Thank you for such a kind response x

I've had some counselling but similarly, I feel like it's hurting me more than anything.
It physically hurts how much I miss him and what we had. Although I think I know it would only have escalated.

OP posts:
Thatnovembernight · 31/03/2019 21:52

I think writing things down is useful if you feel you might waver or might forget why you are better off alone. It’s not necessarily a great tool for getting over it and if it makes you feel worse then definitely don’t bother.
Counselling is probably the answer along with the passage of time. Hope things get better for you.

springydaff · 31/03/2019 22:16

I would think writing things down retraumatises. There are times I'm too done in about something to even think about it let alone write it down. I have to let the trauma pass a bit and get some peace and healing.

Be amazingly kind to yourself. Your hurt is palpable and you need a lot of kindness now Flowers

sweethoney111 · 31/03/2019 22:34

Very sorry but abuse is not love. You can not love someone who makes me feel so bad or who says and does nasty things this is called trauma bonding but not love have a think about that. You need to work on yourself to figure out why you think that you deserve such treatment and why you think that is love.

Sorry not meaning to sound harsh but just speaking from someone who’s been in your position and ended up going back time and time again as I thought ‘I loved him’ truth was I just didn’t love myself. Flowers

RunningOutOfFucks · 31/03/2019 22:58

It's very difficult to explain.
I'm not saying I deserve it and I think he probably didn't love me. Not in the sense that I view love. I really loved him though.

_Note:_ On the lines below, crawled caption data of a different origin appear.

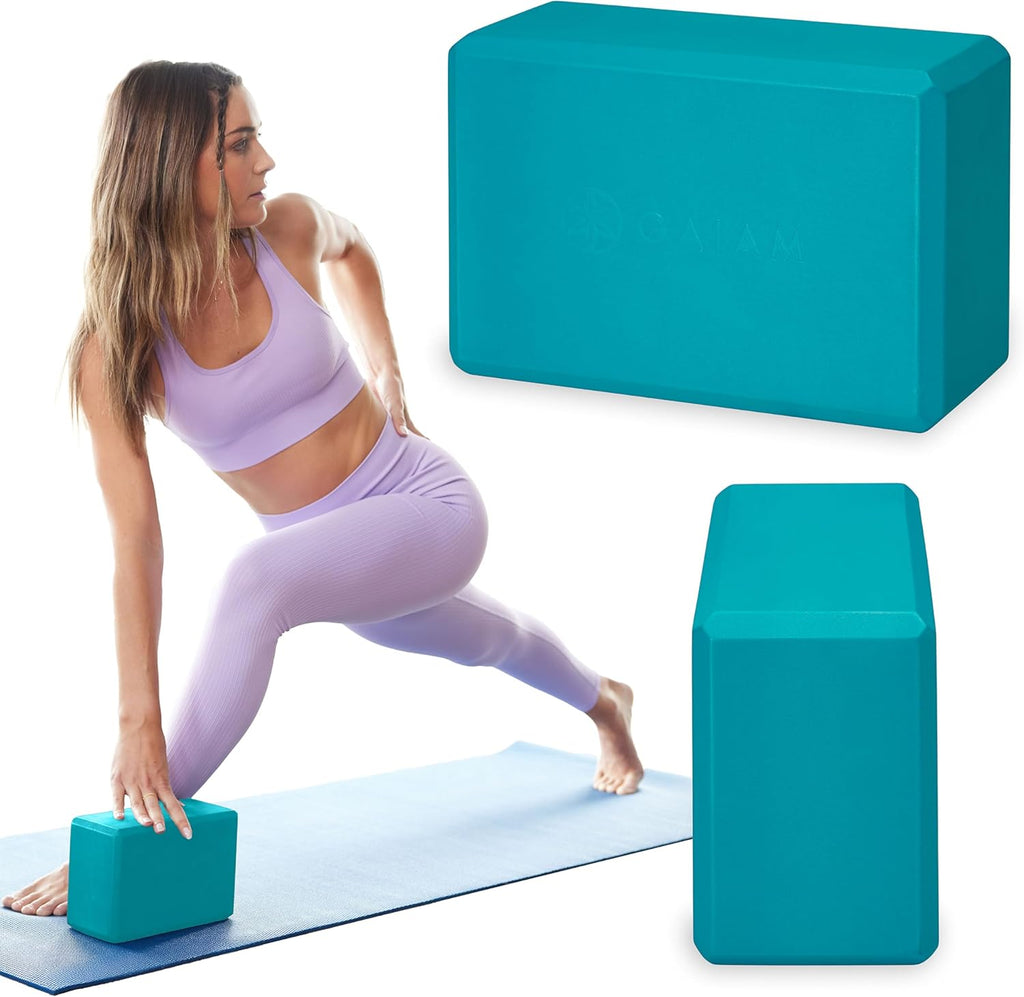 Gaiam Yoga Block - Supportive Latex-Free Eva Foam - Soft Non-Slip Surface with Beveled Edges for Yoga, Pilates, Meditation - Yoga Accessories for Stability, Balance, Deepen Stretches
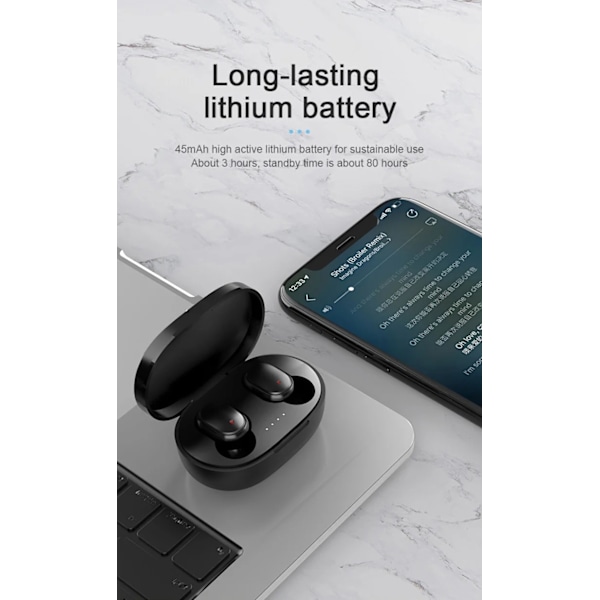 A6s TWS - Trådløse hodetelefoner Bluetooth 5.0 Samsung Iphone Svart Black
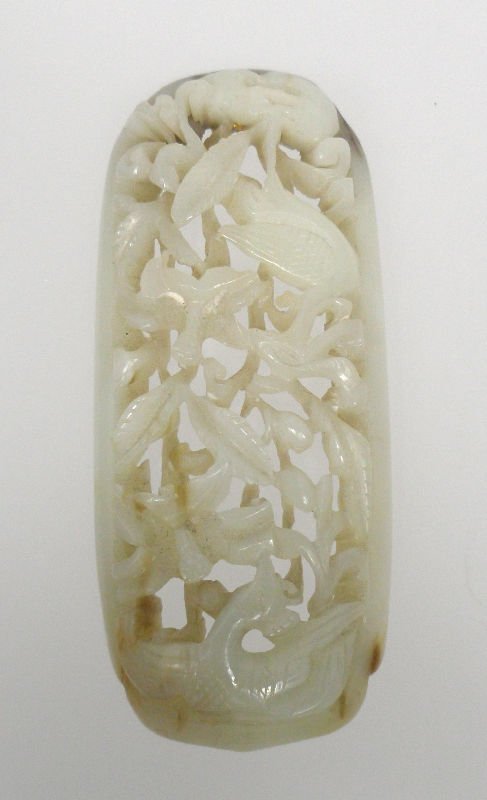 18th/19th Century White Jade Pendant: 18th/19th century white jade pendant of oval form with birds and foliage design. Measures 3 1/4" x 1 1/2". For shipping and insurance quotes please call Ryan or Dave at Eagle Shipping Center at 561-93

When he wasn't being disgusting.

OP posts:
morewashingtodooo · 31/03/2019 23:07

Writing all down isn't for everybody, it makes me feel like a mug.
Instead I write down how I feel or a response I want to say.
Sometimes just the fact there's not shouting or tension is enough to help you deal with the loneliness.
It doesn't matter if he loved you or didn't, abusers can love the people they hurt, love is chucked around a lot, it's not love people should be looking for in a relationship it's a respectful person with boundaries. Those are the partners who don't think fuck it I'll get away with making her cry or a punch.

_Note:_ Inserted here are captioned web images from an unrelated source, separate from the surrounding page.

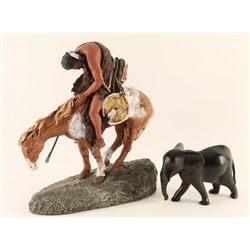 Cast Indian Figurine & Iron Wood Elephant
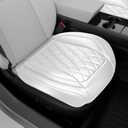 Luxury Faux Leather Car Seat Cover Front Bottom Seat Covers, Anti-Slip and Wrap Around The Bottom, Universal Fit for Most Cars, White Car Interior Accessories - 2 Pieces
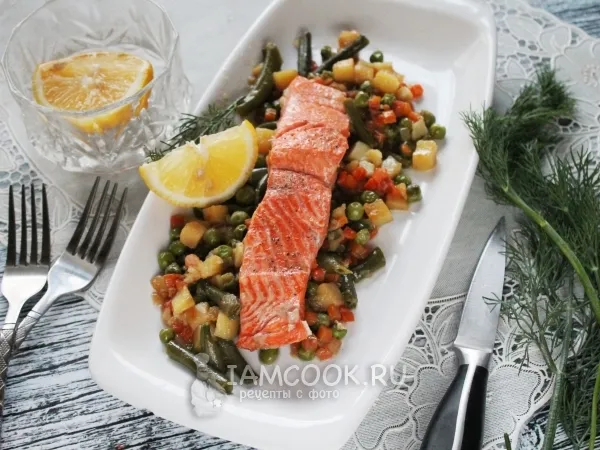 Фото блюда: Нерка на сковороде (с овощами)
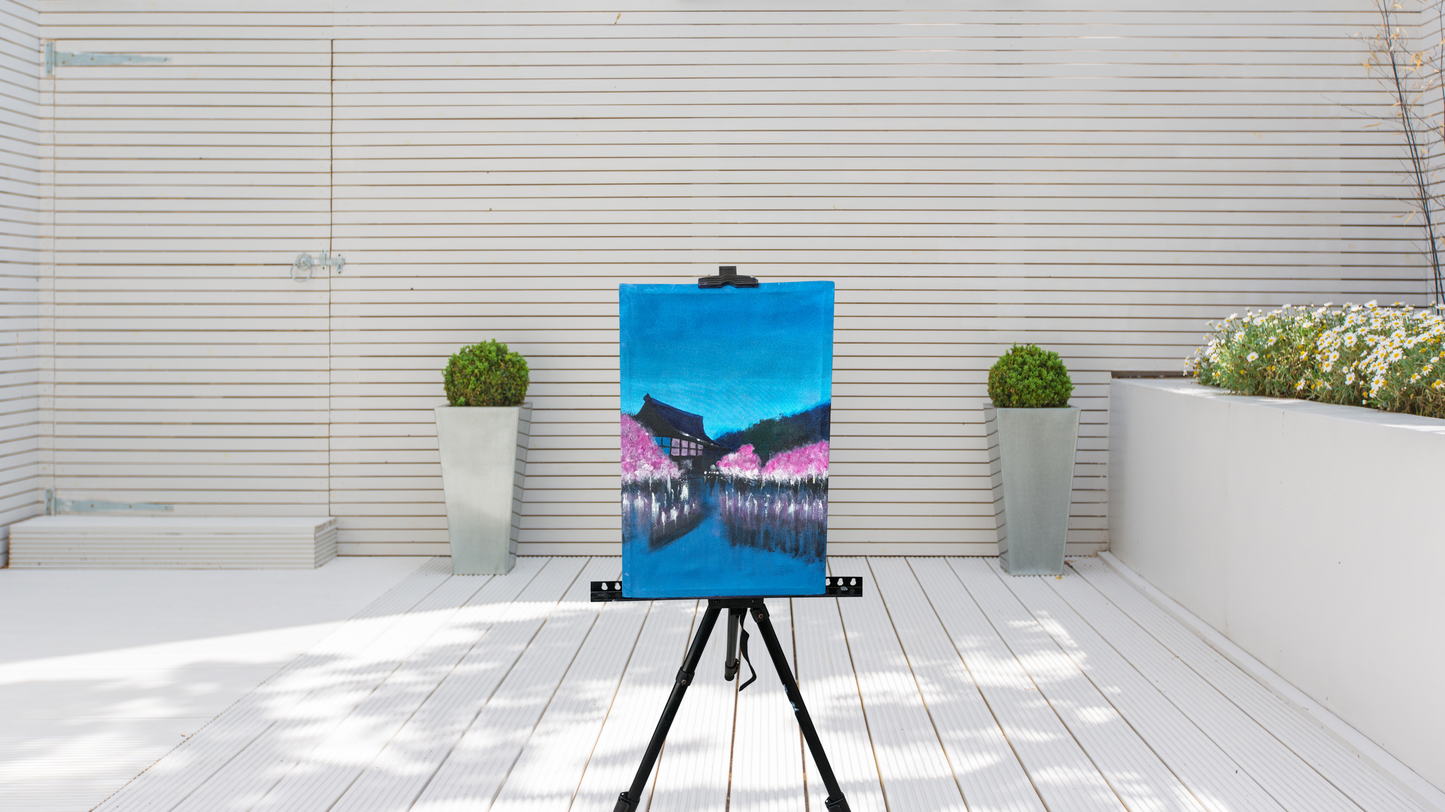 🌸 Oriental Blossom Serenity Hand-Painted Canvas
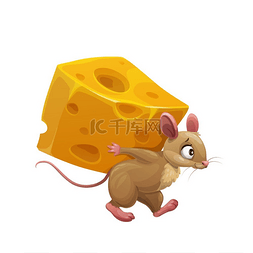 巨大图片_卡通老鼠和大块奶酪，可爱的矢量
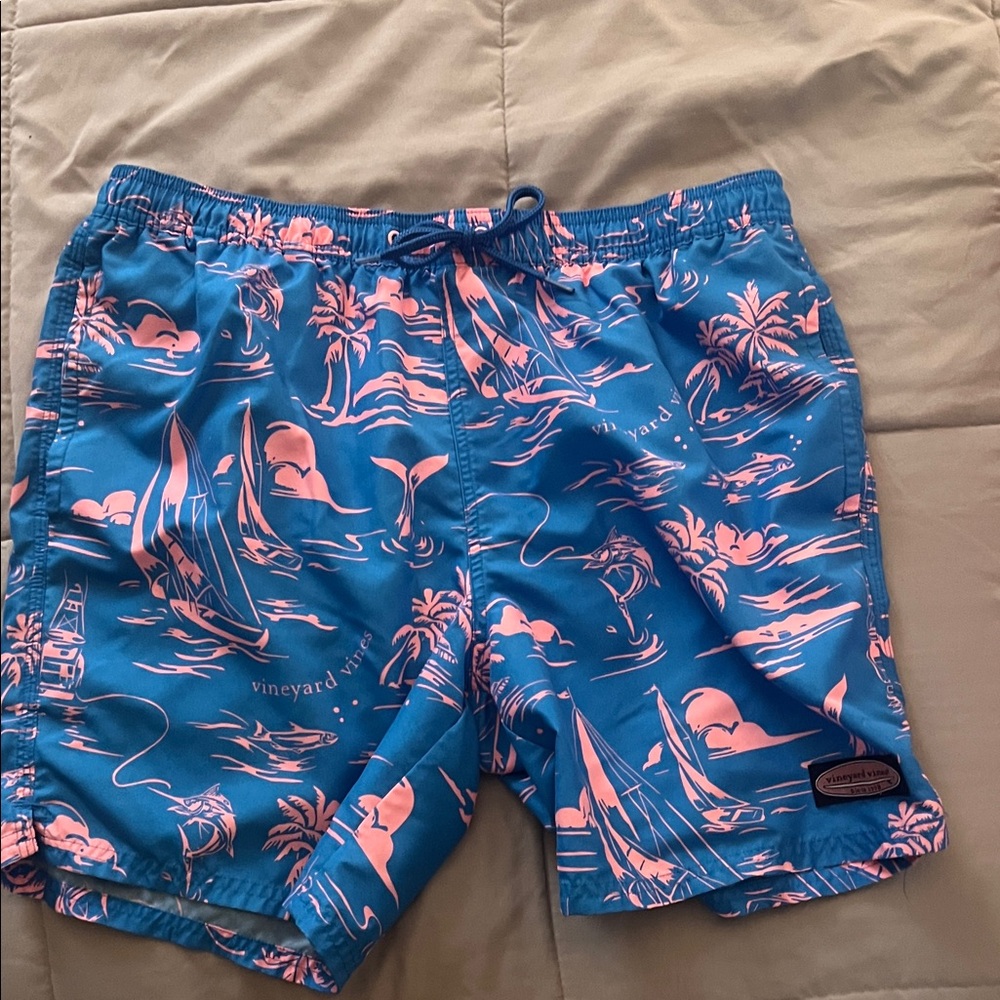 Vineyard Vines Swim Trunks - Blue and Pink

Woolly17 · 31/03/2019 23:07

@runningoutoffucks I've been there. It's a terrible place and it does get better. I realised years later that it was not my shame, I hadn't done anything.

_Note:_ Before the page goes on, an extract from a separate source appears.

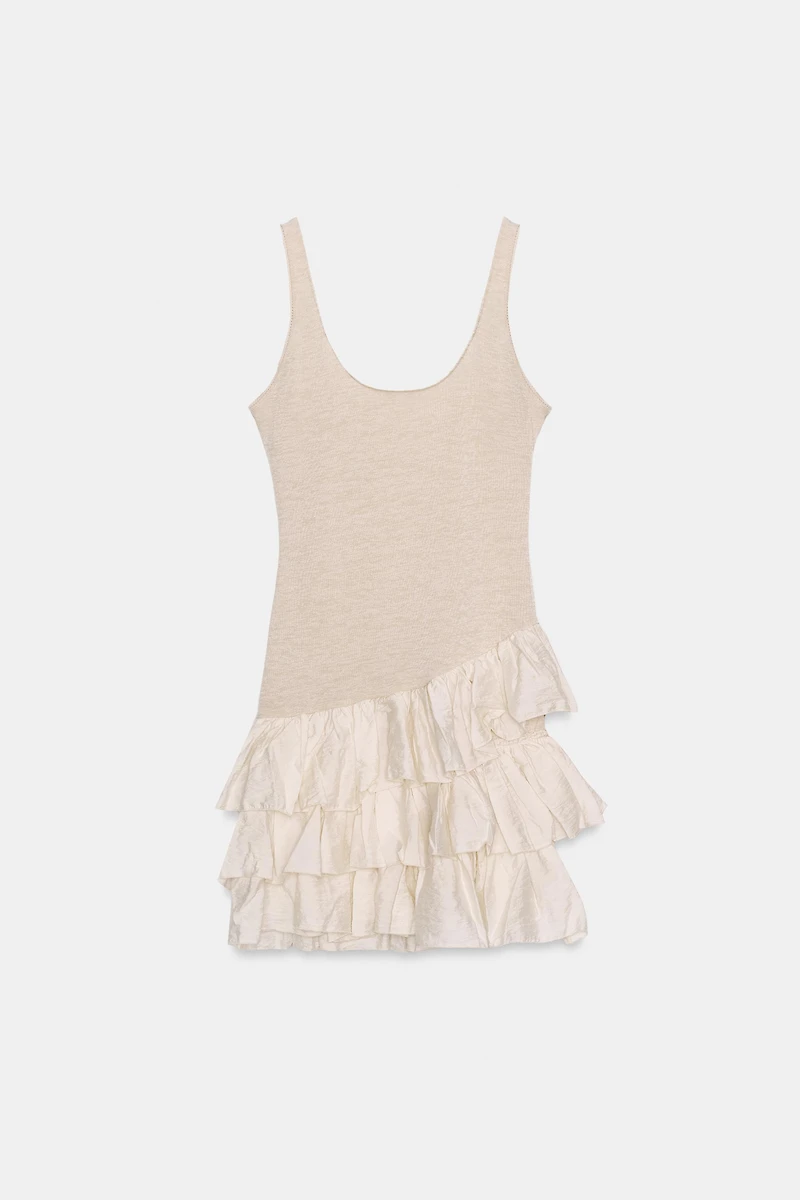 SHORT COMBINATION RUFFLE DRESS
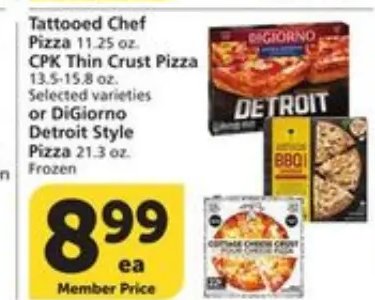 Tattooed Chef, CPK Thin Crust Pizza, DiGiorno or Detroit Style Pizza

I didn't write it all out but I did write a lot about how I felt in the aftermath and I drew a lot, to try navigate my raw emotions . I can't hypothesize as to why this happened to you but I truly believe that you didn't do anything to deserve it.
Be kind to yourself, try not to beat yourself up about what happened and do something for you (I bought myself a CD of music I liked each month for a year as he'd always told me how little taste I had).

Porpoises · 01/04/2019 15:55

Honestly I think a lot of this goes back to childhood and our models of love. Often we are subconciously trying to heal a wound that occurred long ago, and the pain from that feeds into this all-encompassing illogical passion for people we know conciously aren't good for us. Learn to heal that wound, and the present heals too.

Is that something you talk about in counseling? It may need a more experienced counselor/psychotherapist. It's not an easy path to explore (understatement!) but the results can be amazing.

RunningOutOfFucks · 02/04/2019 18:15

I didn't have a traumatic childhood at all, quite lovely in fact, so I don't know what this is.
I just can't move on. I can't get my head around someone who i loved so much could be so cruel. And I mean I literally besotted with the man. Never felt anything like it.
Urgh, it's just torture.

OP posts:
springydaff · 03/04/2019 17:42

Sounds like there was an element of addiction in the relationship.

Miniloso · 03/04/2019 18:04

Have you read ‘Women who love too much’? The part that made sense to me was that the intense ‘love’ we feel in toxic relationships isn’t love, it’s stress and anxiety but we think it’s passionate love. If that same person was nice, decent abs trustworthy we probably wouldn’t feel the ‘love’ quite so intensely.

I’m in the same position - ended a 2 year relationship with ‘love of my life’ who has issues and was abusive and I’m struggling to get over it and not go back. It’s very hard.